◆ Stored data entries:
------

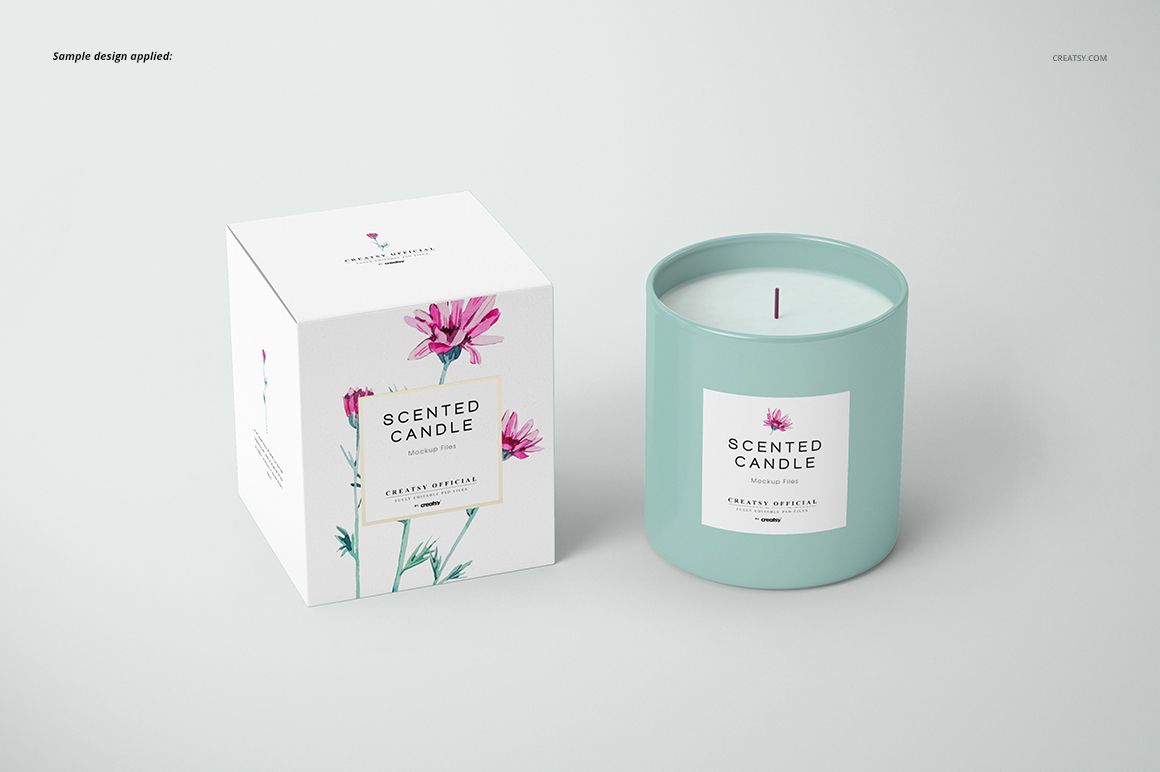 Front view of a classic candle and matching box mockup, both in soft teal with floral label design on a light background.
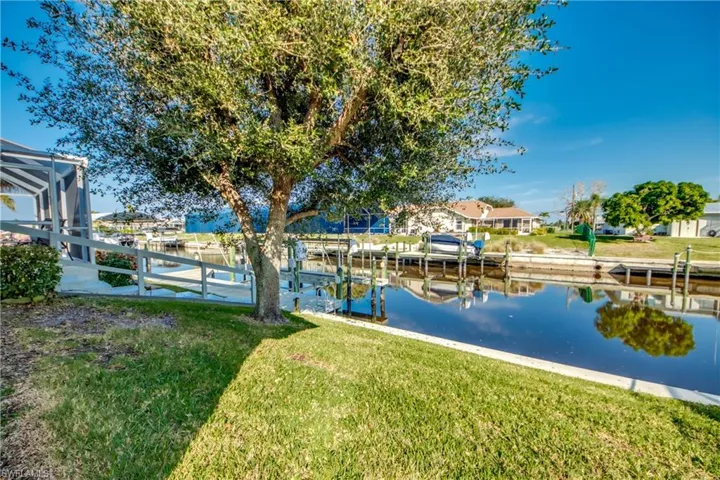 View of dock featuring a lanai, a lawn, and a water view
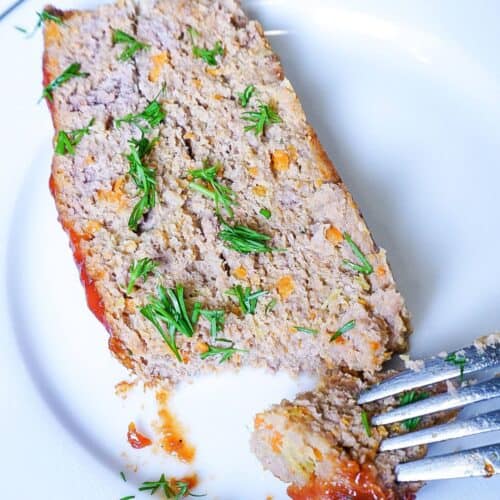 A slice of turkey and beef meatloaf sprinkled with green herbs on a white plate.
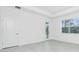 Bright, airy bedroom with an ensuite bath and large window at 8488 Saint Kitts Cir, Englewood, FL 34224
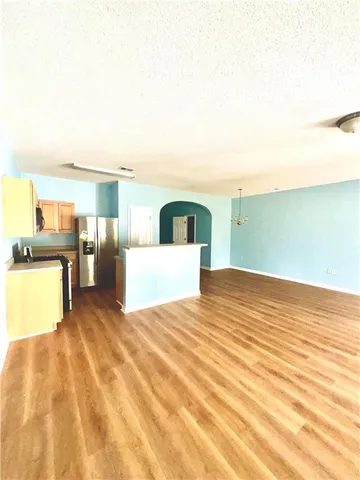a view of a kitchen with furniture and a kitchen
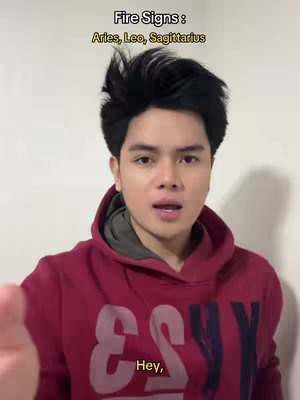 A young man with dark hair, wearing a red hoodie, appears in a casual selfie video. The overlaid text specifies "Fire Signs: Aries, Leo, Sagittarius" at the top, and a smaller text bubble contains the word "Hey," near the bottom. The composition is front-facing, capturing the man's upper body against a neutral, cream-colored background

------

◆ TASK TO CARRY OUT:
Retype each entry precisely. Skip images entirely.

◆ ANSWER AREA:
 Front view of a classic candle and matching box mockup, both in soft teal with floral label design on a light background.
 View of dock featuring a lanai, a lawn, and a water view
 A slice of turkey and beef meatloaf sprinkled with green herbs on a white plate.
 Bright, airy bedroom with an ensuite bath and large window at 8488 Saint Kitts Cir, Englewood, FL 34224
a view of a kitchen with furniture and a kitchen
 A young man with dark hair, wearing a red hoodie, appears in a casual selfie video. The overlaid text specifies "Fire Signs: Aries, Leo, Sagittarius" at the top, and a smaller text bubble contains the word "Hey," near the bottom. The composition is front-facing, capturing the man's upper body against a neutral, cream-colored background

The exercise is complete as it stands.